The house had those walls that were kind of speckled to make them look like marble. Again, it just screamed institutio­n, which was weird because this was a woman’s home. Once you got out of the hallway, that’s when her personalit­y came through. Oh yes. In the rooms, the high, echoing ceilings and the old two-pin sockets in the walls really gave a sense of this woman. As did the endless pictures of the bleeding Sacred Heart of Jesus. Each of the photos had a red lightbulb underneath it. There were no less than three in our room and we weren’t allowed to switch them off. It made our room, with its three rows of bunks, look like a brothel after lights out.

There was no hot water. Ever. Breakfast was a bowl of greasy sausages and three toasters with three sliced-pans lined up next to the TV. There were also generic-brand cornflakes and porridge with a skin over it. I had brought some chocolate with me in my suitcase, but it was gone after I saw what was on offer for dinner on the first day. The Irish for pig is muc. On the pig’s back is ar mhuin na

muice.
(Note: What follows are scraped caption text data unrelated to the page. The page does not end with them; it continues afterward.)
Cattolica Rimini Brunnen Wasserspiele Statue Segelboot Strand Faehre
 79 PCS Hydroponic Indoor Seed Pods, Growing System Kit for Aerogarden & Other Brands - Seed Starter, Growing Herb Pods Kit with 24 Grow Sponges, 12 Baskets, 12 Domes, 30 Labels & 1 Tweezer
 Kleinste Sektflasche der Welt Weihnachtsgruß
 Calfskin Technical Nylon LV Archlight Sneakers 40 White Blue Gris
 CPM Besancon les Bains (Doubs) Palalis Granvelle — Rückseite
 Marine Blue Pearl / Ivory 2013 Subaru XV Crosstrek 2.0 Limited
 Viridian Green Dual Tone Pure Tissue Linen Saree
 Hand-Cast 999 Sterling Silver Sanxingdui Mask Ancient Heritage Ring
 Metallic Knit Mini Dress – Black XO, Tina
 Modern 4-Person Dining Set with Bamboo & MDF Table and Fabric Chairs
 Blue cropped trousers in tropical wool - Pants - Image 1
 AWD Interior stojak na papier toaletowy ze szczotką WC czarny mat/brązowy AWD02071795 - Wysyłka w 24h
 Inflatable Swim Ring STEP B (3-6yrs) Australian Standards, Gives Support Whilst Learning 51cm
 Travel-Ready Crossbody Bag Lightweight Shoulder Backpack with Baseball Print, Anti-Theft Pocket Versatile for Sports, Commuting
That’s how I worked out that what was being served was pork slices, boiled potatoes and broccoli which had been boiled since St Patrick roamed the island banishing snakes.

The classes were manageable; after all, I was not bad at Irish. It was all the social stuff and the threat of malnourish­ment which kept me up at night; the sad eyes of the Sacred Heart pleading with me through the hazy red glow.

Every day I went to the only shop on the island. I didn’t ask for anything in either Irish or English. I just pointed to what I wanted: a packet of Nice biscuits, four packets of Hot Lips, a bag of Maltesers, a bag of Emeralds, a six-pack of 7UP, eight Freddo, a Tangle Twister, a packet of cream crackers, a half-pound of butter, three tomatoes and a packet of salt.

At tea-time, I’d sit with the others and eat the bare minimum, then as soon as I could I’d go to my bunk and spread out the food I had bought. Buttering one cracker with another, I’d lie among my haul and the flavours would remind me of home. I was like a ridiculous refugee, full of sugar and homesickne­ss.

But the other girls seemed to be having a great time. Maria and the Mallow girls were doing cartwheels and being carried on piggy-back by the boys. I had some friends, but I wasn’t making an effort really. I just wanted to be done. That summer was filled with so many ‘nos’ I felt I couldn’t say. We had to kayak around the head of the island on one of the days. I was terrified. I didn’t feel like I was allowed to say no; I wasn’t allowed to feel safe. I went along with the group, fell behind, toppled over, nearly drowned, and everyone was angry with me for being the cause of the activity being cancelled for the next group.

Feet and sweat

I thought people would thank me — after all, everyone was constantly complainin­g about the smell of the wetsuits. They were eternally damp, always cold, and they smelled like the feet and sweat of a thousand teenage boys — because that’s pretty much what they were made of.

The bathroom was nowhere near the boat house where we got into the wetsuits, so you can be sure people were peeing in them, too. One urban myth that went around like a spliff was about a girl who peed in the wetsuit and it turned pink because of this chemical they sprayed on it and she never lived it down. No one believed it, but I wasn’t going to test it. I was in enough negative equity with my popularity without adding ‘incontinen­t’ to the list.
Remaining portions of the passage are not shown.